Oakland Zoo helping return American Bison to tribal lands in Montana

The Oakland Zoo is doing their part to strengthen American bison herds that roam Blackfeet tribal lands in Montana and national parks in the Rocky Mountains and Canada.

On Tuesday, two male American bison from a different herd in northern Colorado joined eight female bison that have been living at the zoo after a transfer last year from Blackfeet Nation tribal lands and Glacier National Park in Montana and Waterton Lakes National Park in Canada.

The Blackfeet Nation had been without bison, a sacred and spiritual symbol of their heritage, since 1873 due to hunting.

But three years ago, under a partnership with the Blackfeet Tribe, the zoo helped bring 89 bison from a national park in Canada to their land, and the herd grew enormously. 

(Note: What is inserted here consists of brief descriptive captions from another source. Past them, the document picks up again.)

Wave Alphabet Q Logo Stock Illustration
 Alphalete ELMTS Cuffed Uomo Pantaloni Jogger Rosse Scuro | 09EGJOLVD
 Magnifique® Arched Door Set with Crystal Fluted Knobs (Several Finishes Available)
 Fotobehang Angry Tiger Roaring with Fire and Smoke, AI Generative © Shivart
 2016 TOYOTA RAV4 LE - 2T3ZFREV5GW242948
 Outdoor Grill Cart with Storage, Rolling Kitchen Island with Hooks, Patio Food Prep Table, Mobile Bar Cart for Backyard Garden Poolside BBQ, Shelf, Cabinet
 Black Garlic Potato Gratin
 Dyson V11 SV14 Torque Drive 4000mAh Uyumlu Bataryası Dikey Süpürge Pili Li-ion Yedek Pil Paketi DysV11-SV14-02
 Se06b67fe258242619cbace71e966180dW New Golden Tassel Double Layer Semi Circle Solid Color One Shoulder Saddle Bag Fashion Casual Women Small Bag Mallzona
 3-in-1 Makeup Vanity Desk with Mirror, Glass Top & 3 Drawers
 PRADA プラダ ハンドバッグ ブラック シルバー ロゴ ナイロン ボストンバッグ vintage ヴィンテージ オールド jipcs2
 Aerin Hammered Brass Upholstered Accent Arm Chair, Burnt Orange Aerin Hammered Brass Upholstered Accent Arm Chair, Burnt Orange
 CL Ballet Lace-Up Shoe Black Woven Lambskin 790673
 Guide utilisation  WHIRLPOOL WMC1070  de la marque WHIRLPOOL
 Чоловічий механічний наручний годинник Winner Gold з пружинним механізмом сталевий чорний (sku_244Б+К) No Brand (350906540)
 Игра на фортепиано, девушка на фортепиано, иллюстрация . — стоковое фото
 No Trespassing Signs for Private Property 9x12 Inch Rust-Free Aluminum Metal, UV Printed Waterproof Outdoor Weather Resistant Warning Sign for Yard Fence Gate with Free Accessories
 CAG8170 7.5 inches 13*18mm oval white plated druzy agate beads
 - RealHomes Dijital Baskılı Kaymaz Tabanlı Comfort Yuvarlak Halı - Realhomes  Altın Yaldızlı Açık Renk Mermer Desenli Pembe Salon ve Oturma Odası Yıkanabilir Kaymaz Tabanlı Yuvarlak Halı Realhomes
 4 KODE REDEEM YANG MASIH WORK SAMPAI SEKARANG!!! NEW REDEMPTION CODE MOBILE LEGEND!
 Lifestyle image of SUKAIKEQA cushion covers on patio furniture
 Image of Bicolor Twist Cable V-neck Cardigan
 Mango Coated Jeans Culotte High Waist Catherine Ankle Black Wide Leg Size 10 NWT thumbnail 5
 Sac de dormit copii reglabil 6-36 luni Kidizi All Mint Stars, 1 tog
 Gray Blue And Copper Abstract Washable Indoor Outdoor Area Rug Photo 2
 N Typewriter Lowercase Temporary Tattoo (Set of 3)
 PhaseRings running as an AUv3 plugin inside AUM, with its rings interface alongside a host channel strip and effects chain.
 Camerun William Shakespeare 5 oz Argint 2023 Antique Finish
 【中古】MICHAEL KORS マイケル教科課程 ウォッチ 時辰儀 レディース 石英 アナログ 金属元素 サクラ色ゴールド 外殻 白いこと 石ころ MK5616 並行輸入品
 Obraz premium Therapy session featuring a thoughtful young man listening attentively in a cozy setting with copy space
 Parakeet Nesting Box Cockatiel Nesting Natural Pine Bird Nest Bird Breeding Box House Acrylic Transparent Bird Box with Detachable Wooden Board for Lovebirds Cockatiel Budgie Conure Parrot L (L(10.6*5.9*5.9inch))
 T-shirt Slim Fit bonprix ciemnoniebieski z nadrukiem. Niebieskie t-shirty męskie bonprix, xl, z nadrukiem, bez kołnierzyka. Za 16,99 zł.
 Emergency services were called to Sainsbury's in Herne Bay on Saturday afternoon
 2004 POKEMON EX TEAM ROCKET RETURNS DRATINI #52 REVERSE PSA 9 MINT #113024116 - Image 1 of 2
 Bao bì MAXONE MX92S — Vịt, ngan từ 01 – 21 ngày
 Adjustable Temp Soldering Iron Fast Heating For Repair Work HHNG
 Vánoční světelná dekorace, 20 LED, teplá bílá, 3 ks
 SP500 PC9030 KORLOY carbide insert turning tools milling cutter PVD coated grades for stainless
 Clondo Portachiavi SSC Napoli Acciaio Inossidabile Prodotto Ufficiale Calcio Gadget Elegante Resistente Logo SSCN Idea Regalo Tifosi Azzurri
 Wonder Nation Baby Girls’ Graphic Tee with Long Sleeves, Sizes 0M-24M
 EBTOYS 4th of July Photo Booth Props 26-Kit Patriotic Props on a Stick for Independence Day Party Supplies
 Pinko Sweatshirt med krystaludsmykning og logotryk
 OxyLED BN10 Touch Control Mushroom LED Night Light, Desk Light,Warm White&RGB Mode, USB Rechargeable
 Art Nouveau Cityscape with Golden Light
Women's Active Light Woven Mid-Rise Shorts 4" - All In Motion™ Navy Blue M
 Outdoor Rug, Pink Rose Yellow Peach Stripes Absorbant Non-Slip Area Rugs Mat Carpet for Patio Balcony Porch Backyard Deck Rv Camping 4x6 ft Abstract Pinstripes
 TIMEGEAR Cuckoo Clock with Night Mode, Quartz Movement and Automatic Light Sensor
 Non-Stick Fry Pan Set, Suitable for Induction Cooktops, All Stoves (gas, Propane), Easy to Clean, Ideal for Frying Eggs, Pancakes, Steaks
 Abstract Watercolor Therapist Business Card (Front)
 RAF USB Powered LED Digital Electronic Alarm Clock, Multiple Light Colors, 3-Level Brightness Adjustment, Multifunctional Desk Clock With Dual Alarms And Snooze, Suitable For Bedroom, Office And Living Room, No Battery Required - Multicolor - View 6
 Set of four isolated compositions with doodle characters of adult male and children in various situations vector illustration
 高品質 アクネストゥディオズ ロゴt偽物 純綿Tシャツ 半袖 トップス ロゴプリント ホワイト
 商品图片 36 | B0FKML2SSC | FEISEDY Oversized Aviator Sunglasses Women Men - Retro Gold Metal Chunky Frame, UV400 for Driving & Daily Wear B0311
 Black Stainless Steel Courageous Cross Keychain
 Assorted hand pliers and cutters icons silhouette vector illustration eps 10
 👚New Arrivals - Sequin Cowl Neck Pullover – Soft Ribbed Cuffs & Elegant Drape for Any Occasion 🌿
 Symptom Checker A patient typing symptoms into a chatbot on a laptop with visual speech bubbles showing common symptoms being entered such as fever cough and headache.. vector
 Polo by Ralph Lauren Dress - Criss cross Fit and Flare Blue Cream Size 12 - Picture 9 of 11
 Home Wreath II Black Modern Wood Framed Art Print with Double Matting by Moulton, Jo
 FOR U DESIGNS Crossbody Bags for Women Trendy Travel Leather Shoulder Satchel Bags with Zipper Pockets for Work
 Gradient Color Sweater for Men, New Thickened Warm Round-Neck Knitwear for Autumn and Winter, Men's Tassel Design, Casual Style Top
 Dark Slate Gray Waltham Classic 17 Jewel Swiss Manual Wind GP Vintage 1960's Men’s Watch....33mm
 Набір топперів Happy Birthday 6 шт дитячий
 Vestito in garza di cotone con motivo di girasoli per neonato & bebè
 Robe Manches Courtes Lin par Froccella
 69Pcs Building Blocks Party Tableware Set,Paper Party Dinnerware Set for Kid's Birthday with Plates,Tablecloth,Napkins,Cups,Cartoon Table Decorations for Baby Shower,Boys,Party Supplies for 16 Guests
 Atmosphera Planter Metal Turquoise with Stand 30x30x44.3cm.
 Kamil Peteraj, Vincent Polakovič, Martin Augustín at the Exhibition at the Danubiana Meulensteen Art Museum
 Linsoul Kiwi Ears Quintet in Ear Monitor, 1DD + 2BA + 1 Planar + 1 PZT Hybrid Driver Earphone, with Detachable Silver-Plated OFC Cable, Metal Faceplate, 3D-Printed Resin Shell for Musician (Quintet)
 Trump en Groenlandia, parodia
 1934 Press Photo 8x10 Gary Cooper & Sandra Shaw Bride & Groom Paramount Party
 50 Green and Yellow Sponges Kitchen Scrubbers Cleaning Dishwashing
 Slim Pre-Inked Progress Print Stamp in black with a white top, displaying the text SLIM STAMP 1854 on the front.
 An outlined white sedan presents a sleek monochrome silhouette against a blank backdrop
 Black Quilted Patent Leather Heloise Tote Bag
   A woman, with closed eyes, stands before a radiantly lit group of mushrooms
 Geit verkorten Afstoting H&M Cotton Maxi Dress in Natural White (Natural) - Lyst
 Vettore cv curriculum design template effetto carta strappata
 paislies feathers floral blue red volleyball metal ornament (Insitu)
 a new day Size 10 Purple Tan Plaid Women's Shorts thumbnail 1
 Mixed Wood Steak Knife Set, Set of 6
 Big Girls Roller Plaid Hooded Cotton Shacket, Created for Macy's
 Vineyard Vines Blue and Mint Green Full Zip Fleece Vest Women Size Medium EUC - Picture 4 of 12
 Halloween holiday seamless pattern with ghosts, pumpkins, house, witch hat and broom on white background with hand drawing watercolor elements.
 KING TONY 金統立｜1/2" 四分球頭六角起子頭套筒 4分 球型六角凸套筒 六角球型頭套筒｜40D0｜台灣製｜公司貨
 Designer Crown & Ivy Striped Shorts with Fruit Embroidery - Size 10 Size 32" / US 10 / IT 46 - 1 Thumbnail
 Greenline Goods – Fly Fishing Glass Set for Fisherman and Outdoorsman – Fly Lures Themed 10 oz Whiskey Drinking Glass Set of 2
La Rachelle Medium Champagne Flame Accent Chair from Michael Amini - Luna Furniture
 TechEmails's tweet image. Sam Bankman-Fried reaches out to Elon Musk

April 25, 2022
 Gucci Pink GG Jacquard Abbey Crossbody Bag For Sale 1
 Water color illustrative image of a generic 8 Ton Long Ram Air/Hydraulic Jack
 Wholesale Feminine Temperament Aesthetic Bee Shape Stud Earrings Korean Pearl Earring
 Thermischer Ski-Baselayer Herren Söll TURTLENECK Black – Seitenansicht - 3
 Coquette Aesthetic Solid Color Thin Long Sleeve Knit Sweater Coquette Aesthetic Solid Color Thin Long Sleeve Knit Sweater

“It is an honor to be a part of the (initiative) in bringing American Bison back to the Blackfeet Nation people” said Amy Gotliffe, the zoo’s director of conservation. “These returning bison and those in the future will play a critical role in re-populating the open range.”

To lessen inbreeding and genetically diversify the future off-spring of those bison, the zoo last spring brought 14 female bison from the tribal land to the zoo’s California Trail exhibit, a 56-acre exhibit that features animals that are native to - but no longer present in - California, including the iconic bison. 

Zoo officials said the bison quickly settled into a sprawling habitat of rolling grasslands and oak trees, with a large pond and dust wallows to allow them to live as they naturally do. They were a welcome addition for visitors who had not had an opportunity to see American bison at the zoo before. 

“People don’t realize they used to live in California, and they’ve been gone for over a century,’’ said zoo spokeswoman Erin Dogan Harrison. “They are really majestic, they’re beautiful.”

Soon, zoo officials learned that most of the new arrivals were already pregnant, and nine months later ten calves were born, bringing the zoo herd from 14 to 24. A few weeks ago, eleven members of that herd returned to Blackfeet tribal land, while the remainder stayed at the zoo for future mating with the new male bison. 

“We’re very happy¬ to be working with Oakland Zoo. It is so important to be returning this iconic animal and its historic bloodline to our culture - and to preserve that culture for generations to come. For centuries, the buffalo have taken care of us. It is now our turn to take care of them,” said Ervin Carlson, president of the Intertribal Buffalo Council, Blackfeet Nation.